Abstract
The concept of zero-knowledge (ZK) has become of fundamental importance in cryptography. However, in a setting where entities are modeled by quantum computers, classical arguments for proving ZK fail to hold since, in the quantum setting, the concept of rewinding is not generally applicable. Moreover, known classical techniques that avoid rewinding have various shortcomings in the quantum setting.

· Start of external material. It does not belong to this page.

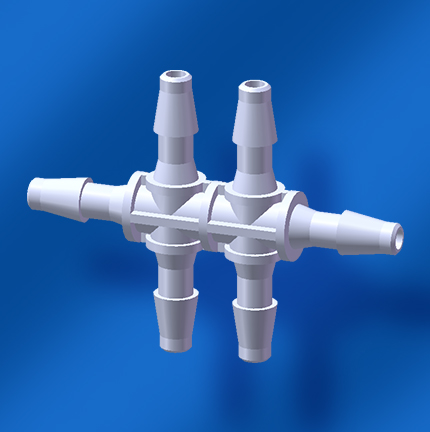 3.2mm（1/8英寸）六通接头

We propose new techniques for building quantum zero-knowledge (QZK) protocols, which remain secure even under (active) quantum attacks. We obtain computational QZK proofs and perfect QZK arguments for any NP language in the common reference string model. This is based on a general method converting an important class of classical honest-verifier ZK (HVZK) proofs into QZK proofs. This leads to quite practical protocols if the underlying HVZK proof is efficient. These are the first proof protocols enjoying these properties, in particular the first to achieve perfect QZK.
As part of our construction, we propose a general framework for building unconditionally hiding (trapdoor) string commitment schemes, secure against quantum attacks, as well as concrete instantiations based on specific (believed to be) hard problems. This is of independent interest, as these are the first unconditionally hiding string commitment schemes withstanding quantum attacks.
Finally, we give a partial answer to the question whether QZK is possible in the plain model. We propose a new notion of QZK, non-oblivious verifier QZK, which is strictly stronger than honest-verifier QZK but weaker than full QZK, and we show that this notion can be achieved by means of efficient (quantum) protocols.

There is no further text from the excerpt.